Altro che Amantino…

Lo chiamavano Mancinho per via della sua propensione al dribbling, ai doppi passi, alle invenzioni in campo, alla somiglianza con Roberto Mancini. E’ finito per farsi condannare, per un abuso a una modella brasiliana nello scorso dicembre proprio qui a Milano, a 44 mesi di carcere (3 anni e 8 mesi). Potrebbe sembrare la trama di una fiction americana, invece vi stiamo raccontando la storia di Amantino Mancini.

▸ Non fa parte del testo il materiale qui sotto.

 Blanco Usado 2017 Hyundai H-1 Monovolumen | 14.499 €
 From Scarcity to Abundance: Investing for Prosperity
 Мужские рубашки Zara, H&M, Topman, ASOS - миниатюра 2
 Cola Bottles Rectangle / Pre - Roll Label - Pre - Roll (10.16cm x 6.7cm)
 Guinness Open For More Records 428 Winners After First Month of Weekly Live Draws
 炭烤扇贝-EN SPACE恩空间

Siamo nella notte tra l’8 e il 9 dicembre 2010 quando Mancini, a una festa orgnizzata dal connazionale Ronaldinho, abusa, secondo l’accusa, di una modella brasiliana ubriaca. La modella, resasi conto dell’accaduto solo il giorno seguente, ha denunciato il calciatore per violenza sessuale e lesioni personali aggravate: nell’abusare infatti, il brasiliano avrebbe anche provocato delle escoriazioni alla ragazza che adesso chiede giustizia.

Nell’inchiesta è finito anche un secondo personaggio, Geraldo Eugenio Do Nascimento. L’amico di Mancini infatti, secondo il pm, qualche giorno dopo l’accaduto avrebbe cercato di incoraggiare la modella a ritirare l’accusa e di chiudere lì la faccenda, cosa che la modella non ha fatto e che ha denunciato anche: per Geraldo Eugenio Do Nascimento adesso si prospettano 10 mesi di reclusione per favoreggiamento.

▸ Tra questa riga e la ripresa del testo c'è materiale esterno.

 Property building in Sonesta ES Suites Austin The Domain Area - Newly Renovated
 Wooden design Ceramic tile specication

Venezia, Roma, Inter e Milan, Mancini quello che voleva dal calcio l’ha ottenuto: successo, fama, soldi, spettacolo e divertimento. Quando entri in un mondo malato però, poi dopo diventa difficile uscirne. La sentenza finale è prevista per il 28 novembre, data della verità per un brasiliano che aveva tutte le carte per sfondare nel calcio che conta. Impossibile infatti dimenticare quei doppi passi a Lione con la maglia della Roma in Champions: quello era l’Amantino che ci piaceva.